Macklem’s comments align with recommendations from Canada’s business community. Perrin Beatty, president of the Canadian Chamber of Commerce, has been advocating for a more coordinated approach to trade diversification. “We need a whole-of-government strategy that aligns diplomatic resources, export financing, and regulatory harmonization around specific high-potential markets,” Beatty said at a Toronto economic forum last week.
The immediate challenge for policymakers is balancing long-term diversification against potential short-term shocks. The Department of Finance has been quietly developing contingency plans for possible U.S. tariffs, according to two senior officials who requested anonymity to discuss sensitive preparations.
These contingency measures reportedly include targeted support for vulnerable industries, accelerated regulatory approvals for projects that could boost non-U.S. exports, and potential retaliatory tariffs designed to create negotiating leverage.
Visiting automotive parts manufacturers in Windsor last month, I witnessed firsthand the anxiety about potential disruption. “We’ve spent decades optimizing our production for just-in-time delivery across the border,” explained Maria Gonzalez, operations director at a tier-one supplier. “Reorienting to distant markets would require entirely different logistics, inventory management, and product specifications.”
Beyond the economics, trade diversification touches on broader strategic concerns. As geopolitical competition intensifies between major powers, Canada’s heavy economic dependence on a single partner creates vulnerability.

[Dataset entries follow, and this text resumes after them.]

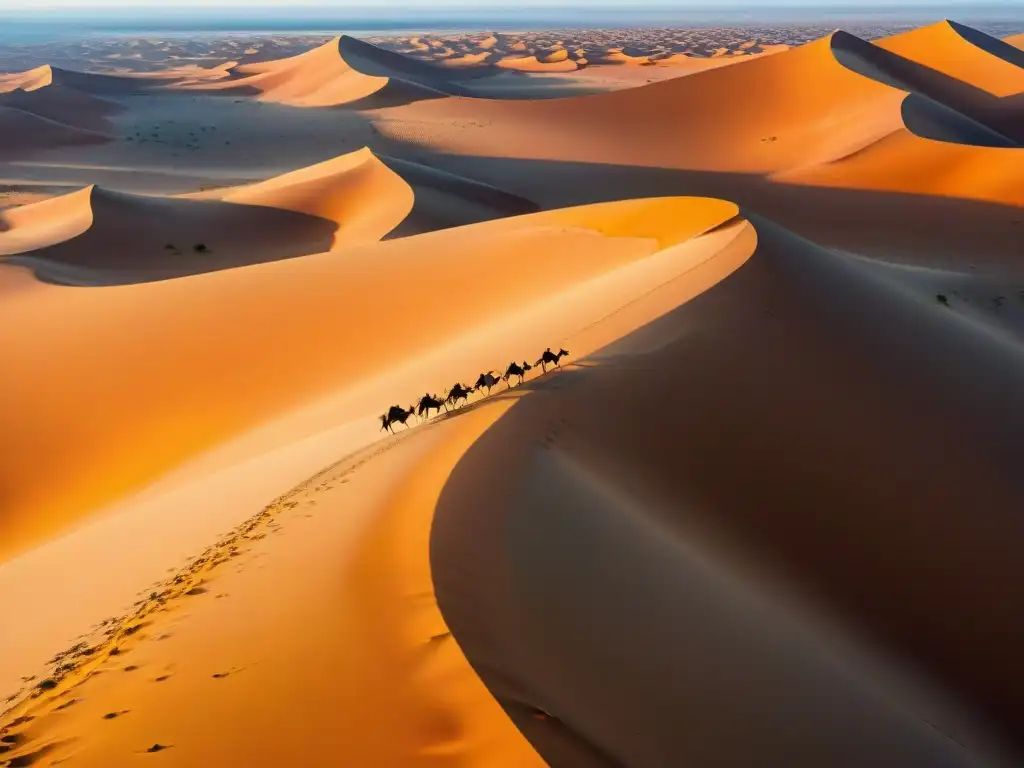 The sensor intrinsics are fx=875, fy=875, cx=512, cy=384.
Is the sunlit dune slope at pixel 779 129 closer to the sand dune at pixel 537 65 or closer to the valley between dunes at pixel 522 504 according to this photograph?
the valley between dunes at pixel 522 504

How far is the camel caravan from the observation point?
752cm

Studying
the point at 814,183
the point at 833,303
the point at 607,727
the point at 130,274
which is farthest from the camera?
the point at 814,183

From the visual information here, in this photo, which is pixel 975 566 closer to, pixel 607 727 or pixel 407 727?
pixel 607 727

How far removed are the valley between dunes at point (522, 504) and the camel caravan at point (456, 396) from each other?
5.6 inches

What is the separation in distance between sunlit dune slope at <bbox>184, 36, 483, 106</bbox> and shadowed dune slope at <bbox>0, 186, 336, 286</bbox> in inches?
1270

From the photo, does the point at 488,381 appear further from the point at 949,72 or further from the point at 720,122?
the point at 949,72

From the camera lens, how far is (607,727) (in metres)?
3.66

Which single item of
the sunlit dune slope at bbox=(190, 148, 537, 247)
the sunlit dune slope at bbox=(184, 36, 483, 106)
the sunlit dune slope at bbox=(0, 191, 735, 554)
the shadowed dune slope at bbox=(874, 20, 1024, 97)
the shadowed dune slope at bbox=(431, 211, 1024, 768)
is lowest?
the sunlit dune slope at bbox=(184, 36, 483, 106)

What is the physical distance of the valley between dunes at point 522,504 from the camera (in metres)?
3.78

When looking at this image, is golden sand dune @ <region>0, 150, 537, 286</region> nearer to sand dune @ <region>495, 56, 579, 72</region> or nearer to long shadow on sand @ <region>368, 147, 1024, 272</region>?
long shadow on sand @ <region>368, 147, 1024, 272</region>

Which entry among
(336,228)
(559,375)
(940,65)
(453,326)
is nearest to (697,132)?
(940,65)

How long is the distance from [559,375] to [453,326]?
4639 mm

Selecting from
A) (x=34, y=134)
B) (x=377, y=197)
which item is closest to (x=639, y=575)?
(x=377, y=197)

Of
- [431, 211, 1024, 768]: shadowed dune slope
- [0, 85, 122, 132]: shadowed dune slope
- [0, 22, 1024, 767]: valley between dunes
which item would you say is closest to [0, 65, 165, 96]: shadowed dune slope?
[0, 85, 122, 132]: shadowed dune slope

“Economic security increasingly means avoiding excessive concentration risk,” notes Roland Paris, former foreign policy advisor to Prime Minister Justin Trudeau and professor of international affairs at the University of Ottawa. “The challenge is pursuing diversification without appearing to turn away from our most important relationship.”
Macklem’s testimony stopped short of specific policy prescriptions, maintaining the central bank’s traditional independence from direct government advice. However, his emphasis on trade resilience represents a notable evolution in the Bank’s public messaging about economic risks.
Whether Canada can meaningfully diversify its trade remains an open question. Geographic realities and deeply integrated continental supply chains create powerful economic gravity. Yet as political volatility threatens to disrupt long-standing trading patterns, the economic case for developing alternatives grows stronger – regardless of how challenging implementation might prove.